*Material to process*:
==*==

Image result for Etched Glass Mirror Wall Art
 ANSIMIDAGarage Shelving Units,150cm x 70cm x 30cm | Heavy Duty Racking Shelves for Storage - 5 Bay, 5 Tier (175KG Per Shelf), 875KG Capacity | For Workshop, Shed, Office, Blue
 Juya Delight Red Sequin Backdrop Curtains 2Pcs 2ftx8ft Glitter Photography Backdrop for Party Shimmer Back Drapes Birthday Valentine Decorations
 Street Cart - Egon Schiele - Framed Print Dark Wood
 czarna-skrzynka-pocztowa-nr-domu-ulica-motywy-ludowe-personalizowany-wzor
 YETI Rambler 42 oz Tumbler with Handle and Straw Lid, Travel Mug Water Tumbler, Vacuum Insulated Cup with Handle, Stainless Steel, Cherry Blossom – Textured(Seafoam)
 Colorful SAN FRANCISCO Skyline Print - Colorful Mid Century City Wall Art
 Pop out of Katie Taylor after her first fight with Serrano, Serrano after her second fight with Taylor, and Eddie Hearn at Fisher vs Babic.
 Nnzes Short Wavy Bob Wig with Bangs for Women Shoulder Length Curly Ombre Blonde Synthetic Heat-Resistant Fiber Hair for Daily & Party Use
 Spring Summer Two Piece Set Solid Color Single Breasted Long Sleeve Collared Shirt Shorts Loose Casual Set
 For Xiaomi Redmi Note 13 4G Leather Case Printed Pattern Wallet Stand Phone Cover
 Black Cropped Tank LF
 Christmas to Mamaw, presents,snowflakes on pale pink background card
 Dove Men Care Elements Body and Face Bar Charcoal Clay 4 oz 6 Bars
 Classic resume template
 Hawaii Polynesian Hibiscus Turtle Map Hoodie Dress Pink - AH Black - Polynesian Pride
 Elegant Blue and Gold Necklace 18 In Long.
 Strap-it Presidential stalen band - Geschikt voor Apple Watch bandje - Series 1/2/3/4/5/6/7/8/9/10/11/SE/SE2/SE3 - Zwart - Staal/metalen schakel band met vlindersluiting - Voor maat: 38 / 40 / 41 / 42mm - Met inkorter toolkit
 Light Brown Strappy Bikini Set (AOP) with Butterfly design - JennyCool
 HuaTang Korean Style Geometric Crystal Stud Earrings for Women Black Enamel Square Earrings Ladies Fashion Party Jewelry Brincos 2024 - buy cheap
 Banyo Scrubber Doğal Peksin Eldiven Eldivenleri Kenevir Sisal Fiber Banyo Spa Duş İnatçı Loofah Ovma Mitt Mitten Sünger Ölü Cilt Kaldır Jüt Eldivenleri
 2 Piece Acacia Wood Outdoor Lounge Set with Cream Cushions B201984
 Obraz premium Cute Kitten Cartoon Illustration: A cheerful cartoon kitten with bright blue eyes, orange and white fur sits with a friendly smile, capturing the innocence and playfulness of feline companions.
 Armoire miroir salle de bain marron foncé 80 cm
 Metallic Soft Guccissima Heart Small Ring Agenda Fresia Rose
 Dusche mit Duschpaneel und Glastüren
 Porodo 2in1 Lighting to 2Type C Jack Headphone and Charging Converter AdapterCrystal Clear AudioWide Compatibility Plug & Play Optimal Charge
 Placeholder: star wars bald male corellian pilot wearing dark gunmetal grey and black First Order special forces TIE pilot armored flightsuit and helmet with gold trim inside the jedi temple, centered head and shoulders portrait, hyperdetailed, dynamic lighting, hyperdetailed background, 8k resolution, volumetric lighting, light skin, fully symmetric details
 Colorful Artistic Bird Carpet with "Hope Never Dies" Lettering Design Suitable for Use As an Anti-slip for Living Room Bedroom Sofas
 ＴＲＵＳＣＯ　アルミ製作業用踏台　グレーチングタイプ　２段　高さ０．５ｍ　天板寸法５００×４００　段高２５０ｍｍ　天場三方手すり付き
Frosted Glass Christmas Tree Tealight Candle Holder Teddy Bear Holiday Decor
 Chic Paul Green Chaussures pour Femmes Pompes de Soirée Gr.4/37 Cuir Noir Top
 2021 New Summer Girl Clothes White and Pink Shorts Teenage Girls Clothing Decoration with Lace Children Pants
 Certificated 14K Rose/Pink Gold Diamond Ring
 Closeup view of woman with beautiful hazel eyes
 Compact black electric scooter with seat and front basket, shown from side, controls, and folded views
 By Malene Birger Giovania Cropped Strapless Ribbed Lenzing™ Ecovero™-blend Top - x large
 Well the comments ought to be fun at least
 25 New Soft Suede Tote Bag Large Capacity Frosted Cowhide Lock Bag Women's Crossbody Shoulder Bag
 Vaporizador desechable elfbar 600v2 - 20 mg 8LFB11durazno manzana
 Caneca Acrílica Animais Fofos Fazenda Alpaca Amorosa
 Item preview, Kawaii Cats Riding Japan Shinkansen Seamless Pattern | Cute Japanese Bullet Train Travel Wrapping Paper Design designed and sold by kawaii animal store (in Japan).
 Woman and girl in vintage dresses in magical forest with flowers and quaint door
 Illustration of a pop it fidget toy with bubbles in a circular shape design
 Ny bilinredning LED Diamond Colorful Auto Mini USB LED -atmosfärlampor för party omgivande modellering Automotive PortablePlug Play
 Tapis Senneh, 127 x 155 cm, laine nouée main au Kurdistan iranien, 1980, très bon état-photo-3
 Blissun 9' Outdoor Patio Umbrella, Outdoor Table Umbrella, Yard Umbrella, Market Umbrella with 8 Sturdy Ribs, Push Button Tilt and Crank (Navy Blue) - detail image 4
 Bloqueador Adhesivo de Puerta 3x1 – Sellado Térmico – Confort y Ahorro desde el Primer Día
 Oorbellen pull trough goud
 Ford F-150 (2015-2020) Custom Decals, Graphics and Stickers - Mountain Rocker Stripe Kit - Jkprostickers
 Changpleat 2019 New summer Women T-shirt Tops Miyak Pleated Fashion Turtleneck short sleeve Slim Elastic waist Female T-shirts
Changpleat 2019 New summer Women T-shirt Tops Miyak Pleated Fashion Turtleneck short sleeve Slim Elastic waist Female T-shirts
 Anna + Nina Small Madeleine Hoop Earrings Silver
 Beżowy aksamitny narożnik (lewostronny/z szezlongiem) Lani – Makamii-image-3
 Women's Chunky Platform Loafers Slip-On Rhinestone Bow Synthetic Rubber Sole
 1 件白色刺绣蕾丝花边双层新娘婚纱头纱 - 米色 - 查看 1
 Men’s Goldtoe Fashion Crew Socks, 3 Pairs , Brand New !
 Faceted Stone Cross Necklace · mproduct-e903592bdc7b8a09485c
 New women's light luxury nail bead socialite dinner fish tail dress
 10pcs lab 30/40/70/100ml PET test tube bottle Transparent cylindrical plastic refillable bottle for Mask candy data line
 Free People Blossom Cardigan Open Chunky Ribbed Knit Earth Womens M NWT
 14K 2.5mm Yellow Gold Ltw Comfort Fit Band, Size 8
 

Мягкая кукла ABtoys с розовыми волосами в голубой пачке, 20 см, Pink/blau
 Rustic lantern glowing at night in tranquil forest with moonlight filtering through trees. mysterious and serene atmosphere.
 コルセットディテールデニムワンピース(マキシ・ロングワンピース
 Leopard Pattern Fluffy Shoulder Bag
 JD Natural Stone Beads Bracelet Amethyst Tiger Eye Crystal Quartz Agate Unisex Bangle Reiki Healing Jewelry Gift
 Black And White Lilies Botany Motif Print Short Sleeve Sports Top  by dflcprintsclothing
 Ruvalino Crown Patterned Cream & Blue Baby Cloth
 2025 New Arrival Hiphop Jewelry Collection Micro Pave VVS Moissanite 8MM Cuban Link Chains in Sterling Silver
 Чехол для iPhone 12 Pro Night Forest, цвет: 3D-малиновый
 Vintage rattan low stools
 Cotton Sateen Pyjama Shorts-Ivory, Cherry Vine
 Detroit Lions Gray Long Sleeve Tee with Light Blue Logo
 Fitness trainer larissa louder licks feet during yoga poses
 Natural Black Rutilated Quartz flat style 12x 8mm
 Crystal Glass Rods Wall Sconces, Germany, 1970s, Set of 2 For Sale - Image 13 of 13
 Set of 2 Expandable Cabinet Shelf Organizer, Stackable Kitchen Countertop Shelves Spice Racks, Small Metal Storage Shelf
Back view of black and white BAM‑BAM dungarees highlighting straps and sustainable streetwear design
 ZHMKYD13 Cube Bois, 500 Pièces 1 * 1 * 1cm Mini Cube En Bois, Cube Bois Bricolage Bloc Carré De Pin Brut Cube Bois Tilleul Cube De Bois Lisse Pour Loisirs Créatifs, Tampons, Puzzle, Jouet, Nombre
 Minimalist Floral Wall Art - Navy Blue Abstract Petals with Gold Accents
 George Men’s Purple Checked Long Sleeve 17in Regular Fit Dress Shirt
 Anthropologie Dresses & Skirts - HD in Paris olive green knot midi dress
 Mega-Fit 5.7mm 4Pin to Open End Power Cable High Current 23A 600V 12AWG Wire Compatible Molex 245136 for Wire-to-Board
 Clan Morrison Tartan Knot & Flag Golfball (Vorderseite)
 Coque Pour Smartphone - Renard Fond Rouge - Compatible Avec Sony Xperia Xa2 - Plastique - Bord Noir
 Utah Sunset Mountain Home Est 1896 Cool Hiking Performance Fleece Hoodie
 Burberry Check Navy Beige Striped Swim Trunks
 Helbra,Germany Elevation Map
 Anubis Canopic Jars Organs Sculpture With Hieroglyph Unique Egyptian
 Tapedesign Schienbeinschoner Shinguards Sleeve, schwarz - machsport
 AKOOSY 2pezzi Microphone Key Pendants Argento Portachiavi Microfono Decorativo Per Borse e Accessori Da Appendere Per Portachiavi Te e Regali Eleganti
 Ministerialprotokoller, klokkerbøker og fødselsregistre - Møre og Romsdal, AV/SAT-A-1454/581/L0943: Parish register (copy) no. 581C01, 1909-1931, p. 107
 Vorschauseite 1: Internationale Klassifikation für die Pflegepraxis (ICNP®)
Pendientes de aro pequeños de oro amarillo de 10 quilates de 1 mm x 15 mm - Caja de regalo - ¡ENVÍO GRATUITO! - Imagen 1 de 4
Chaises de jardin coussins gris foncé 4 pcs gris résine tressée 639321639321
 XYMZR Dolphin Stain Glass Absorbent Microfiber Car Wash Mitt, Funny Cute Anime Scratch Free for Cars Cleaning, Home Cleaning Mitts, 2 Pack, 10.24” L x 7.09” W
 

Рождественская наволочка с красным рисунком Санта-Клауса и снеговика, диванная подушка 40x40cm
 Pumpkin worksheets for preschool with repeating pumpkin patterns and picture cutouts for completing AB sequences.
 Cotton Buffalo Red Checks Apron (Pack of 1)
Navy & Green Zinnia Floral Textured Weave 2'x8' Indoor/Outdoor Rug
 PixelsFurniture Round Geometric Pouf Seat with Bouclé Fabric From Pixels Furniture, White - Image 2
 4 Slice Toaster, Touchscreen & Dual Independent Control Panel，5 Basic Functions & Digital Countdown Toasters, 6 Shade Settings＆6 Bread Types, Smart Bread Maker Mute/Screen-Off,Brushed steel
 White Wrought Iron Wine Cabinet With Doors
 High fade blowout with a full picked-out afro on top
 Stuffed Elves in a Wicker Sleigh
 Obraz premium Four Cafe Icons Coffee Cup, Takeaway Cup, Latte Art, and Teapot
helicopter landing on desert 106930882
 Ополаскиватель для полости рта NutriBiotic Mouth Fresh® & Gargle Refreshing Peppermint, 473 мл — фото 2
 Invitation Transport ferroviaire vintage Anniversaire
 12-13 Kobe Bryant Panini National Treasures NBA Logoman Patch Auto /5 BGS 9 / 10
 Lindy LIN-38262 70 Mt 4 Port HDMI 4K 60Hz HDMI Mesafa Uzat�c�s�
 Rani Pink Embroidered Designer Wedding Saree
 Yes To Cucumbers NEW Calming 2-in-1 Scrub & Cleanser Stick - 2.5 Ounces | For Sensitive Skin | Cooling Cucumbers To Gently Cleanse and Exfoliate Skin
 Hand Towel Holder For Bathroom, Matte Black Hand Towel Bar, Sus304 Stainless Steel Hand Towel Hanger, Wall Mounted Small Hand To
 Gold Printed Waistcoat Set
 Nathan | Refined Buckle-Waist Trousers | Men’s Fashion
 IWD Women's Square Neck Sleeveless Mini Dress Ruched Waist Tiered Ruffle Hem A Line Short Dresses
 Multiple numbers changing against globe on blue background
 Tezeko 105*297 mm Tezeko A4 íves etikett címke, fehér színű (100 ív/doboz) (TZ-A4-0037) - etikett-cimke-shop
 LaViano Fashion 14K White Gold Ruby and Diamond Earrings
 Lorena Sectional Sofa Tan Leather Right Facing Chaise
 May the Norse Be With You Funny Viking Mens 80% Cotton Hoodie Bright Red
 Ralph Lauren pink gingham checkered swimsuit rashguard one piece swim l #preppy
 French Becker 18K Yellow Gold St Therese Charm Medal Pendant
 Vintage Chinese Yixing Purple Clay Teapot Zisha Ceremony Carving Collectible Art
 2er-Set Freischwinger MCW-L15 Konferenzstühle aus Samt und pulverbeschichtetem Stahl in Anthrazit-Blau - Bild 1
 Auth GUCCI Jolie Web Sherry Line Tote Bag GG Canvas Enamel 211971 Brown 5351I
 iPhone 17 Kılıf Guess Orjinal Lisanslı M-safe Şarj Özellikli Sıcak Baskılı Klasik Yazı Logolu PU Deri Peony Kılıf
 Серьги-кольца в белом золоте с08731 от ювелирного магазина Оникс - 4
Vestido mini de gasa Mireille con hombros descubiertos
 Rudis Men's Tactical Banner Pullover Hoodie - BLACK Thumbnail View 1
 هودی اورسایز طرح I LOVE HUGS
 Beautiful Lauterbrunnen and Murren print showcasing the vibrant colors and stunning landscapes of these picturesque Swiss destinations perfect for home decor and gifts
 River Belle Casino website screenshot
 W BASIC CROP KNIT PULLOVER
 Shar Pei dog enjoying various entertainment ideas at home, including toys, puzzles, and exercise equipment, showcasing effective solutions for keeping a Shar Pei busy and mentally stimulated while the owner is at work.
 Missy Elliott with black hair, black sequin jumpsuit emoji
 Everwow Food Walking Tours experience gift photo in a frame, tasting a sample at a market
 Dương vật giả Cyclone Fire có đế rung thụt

==*==

*Work order*: Repeat word for word the lines above that run from the line containing "Porodo 2in1 Lighting" through the line containing "Compact black electric", both ends included, and nothing else.

*Exercise solution*:
 Porodo 2in1 Lighting to 2Type C Jack Headphone and Charging Converter AdapterCrystal Clear AudioWide Compatibility Plug & Play Optimal Charge
 Placeholder: star wars bald male corellian pilot wearing dark gunmetal grey and black First Order special forces TIE pilot armored flightsuit and helmet with gold trim inside the jedi temple, centered head and shoulders portrait, hyperdetailed, dynamic lighting, hyperdetailed background, 8k resolution, volumetric lighting, light skin, fully symmetric details
 Colorful Artistic Bird Carpet with "Hope Never Dies" Lettering Design Suitable for Use As an Anti-slip for Living Room Bedroom Sofas
 ＴＲＵＳＣＯ　アルミ製作業用踏台　グレーチングタイプ　２段　高さ０．５ｍ　天板寸法５００×４００　段高２５０ｍｍ　天場三方手すり付き
Frosted Glass Christmas Tree Tealight Candle Holder Teddy Bear Holiday Decor
 Chic Paul Green Chaussures pour Femmes Pompes de Soirée Gr.4/37 Cuir Noir Top
 2021 New Summer Girl Clothes White and Pink Shorts Teenage Girls Clothing Decoration with Lace Children Pants
 Certificated 14K Rose/Pink Gold Diamond Ring
 Closeup view of woman with beautiful hazel eyes
 Compact black electric scooter with seat and front basket, shown from side, controls, and folded views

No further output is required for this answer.